Em todos os quadrantes do território verde-louro a corrupção campeia sem que alguém consiga detê-la. Contumaz, esse crime hediondo que já integrava o cotidiano tornou-se oficial. A partir de hoje a política sacramentou, com as bênçãos do STF, sua união com a impunidade, ao som do mantra côncavo que exalta a tese de que alguns crimes compensam.
A maioria do Supremo entendeu que é preciso ater-se à lei no momento de julgar aqueles que não apenas desrespeitam-na, como a atropelam. Falar em Estado Democrático de Direito tendo no palco os bandoleiros do totalitarismo é como oferecer pérolas aos porcos. Acostumados a chafurdar na lama, têm como padrão de excelência a sujeira do dia a dia. Jamais compreenderão uma decisão judicial como ato de suposto respeito à democracia, mas, sim, como mais um drible em currículo questionável.
O que se viu nas horas derradeiras do julgamento da Ação Penal 470 foi o ajustamento da hermenêutica jurídica na morsa dos interesses de um grupo de criminosos que tomou de assalto o País, transformando-o em propriedade particular e sem lei. Ao contrário do que pregou Celso de Mello em seu longo voto, fazer justiça não é apenas e tão somente seguir o que estabelece o conjunto legal vigente, mas permitir que a interpretação circule livremente como forma de garantir a integridade do Estado e a dignidade da cidadania.
Enganou-se o decano da Suprema Corte, assim como o novato, ao afirmar que a Justiça não deve se curvar ao clamor popular. O equívoco está em interpretar de maneira distorcida os anseios da sociedade que não mais suporta os desmandos de um partido que a história comprovou ser uma súcia com todas as letras e circunstâncias.

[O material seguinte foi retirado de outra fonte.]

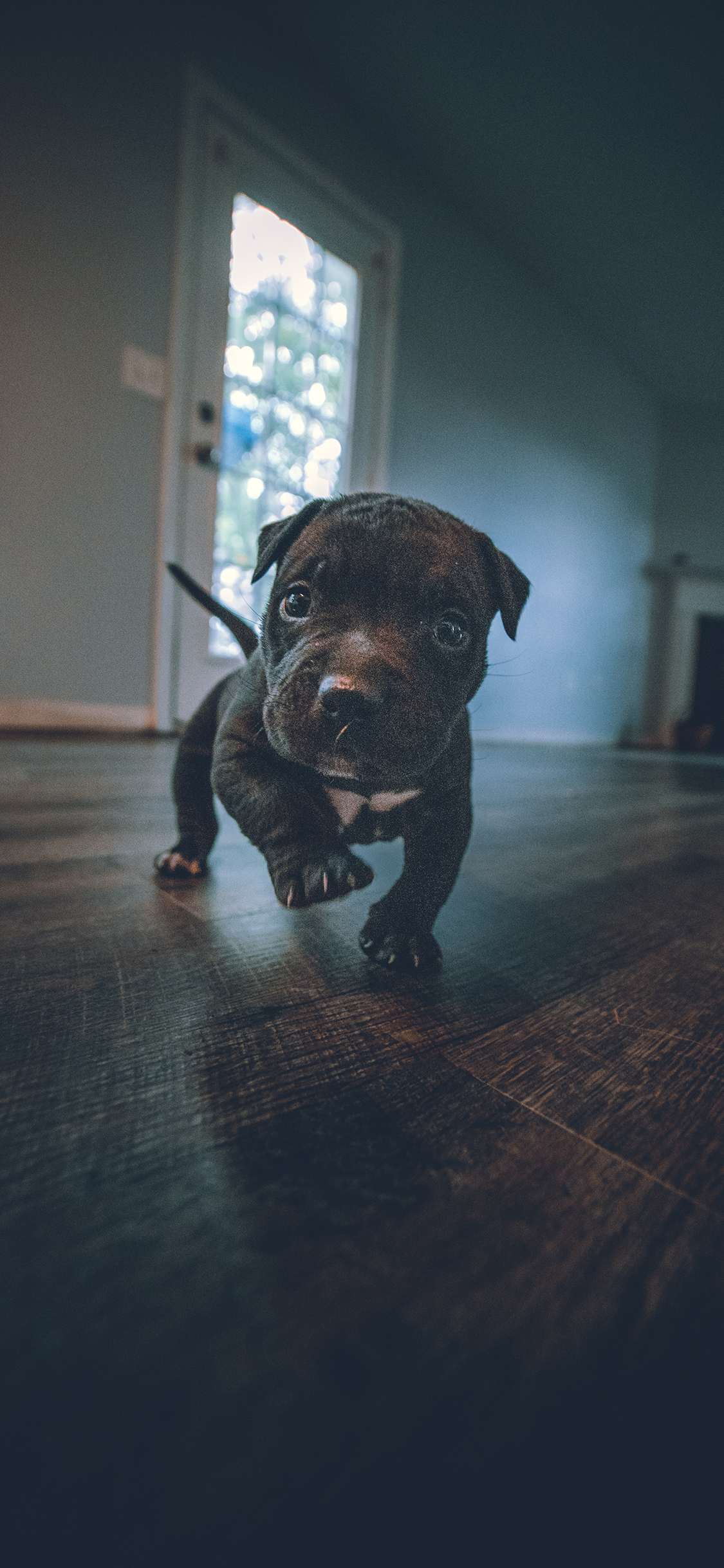 [2436×1125]巴哥 宠物 地板 幼犬 苹果手机壁纸图片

Aristóteles, que por certo pensava de maneira infinitamente melhor e mais assertiva do que todos os juristas citados pelo ministro Celso de Mello em seu esperado voto, disse certa feita: “A base da sociedade é a justiça; o julgamento constitui a ordem da sociedade: ora o julgamento é a aplicação da justiça”. Ou seja, Justiça não se faz só com leis, assim como a sociedade brasileira não exigiu o enforcamento dos mensaleiros em praça pública, não cobrou vingança.
Alguns “garantistas” de ocasião, rábulas ignaros transformados em gênios do Direito e que agora pegam carona no entendimento obtuso do sexteto que beneficiou uma dúzia de protagonistas do Mensalão do PT, afirmam em escritos pouco convincentes que Celso de Mello manteve a coerência ao desapontar a parcela de bem da sociedade brasileira. Ao contrário, Celso de Mello foi incoerente aos rasgar suas tantas e pesadas críticas ao crime hediondo em que se transformou o esquema palaciano de desvio de recursos públicos e cooptação de parlamentares.

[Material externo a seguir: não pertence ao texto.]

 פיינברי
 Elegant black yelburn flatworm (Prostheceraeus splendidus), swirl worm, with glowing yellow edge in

O Supremo, por maioria apertada, conseguiu o inimaginável, pois, lembrando Martin Luther King, “a injustiça num lugar qualquer é uma ameaça à justiça em todo o lugar”.
O desânimo é natural após uma decisão como a anunciada na fatídica quarta-feira, 18 de setembro, mas desesperar e desistir não têm espaço na nossa luta diária, que, estejam alertas os adversários, continua mais forte do que antes.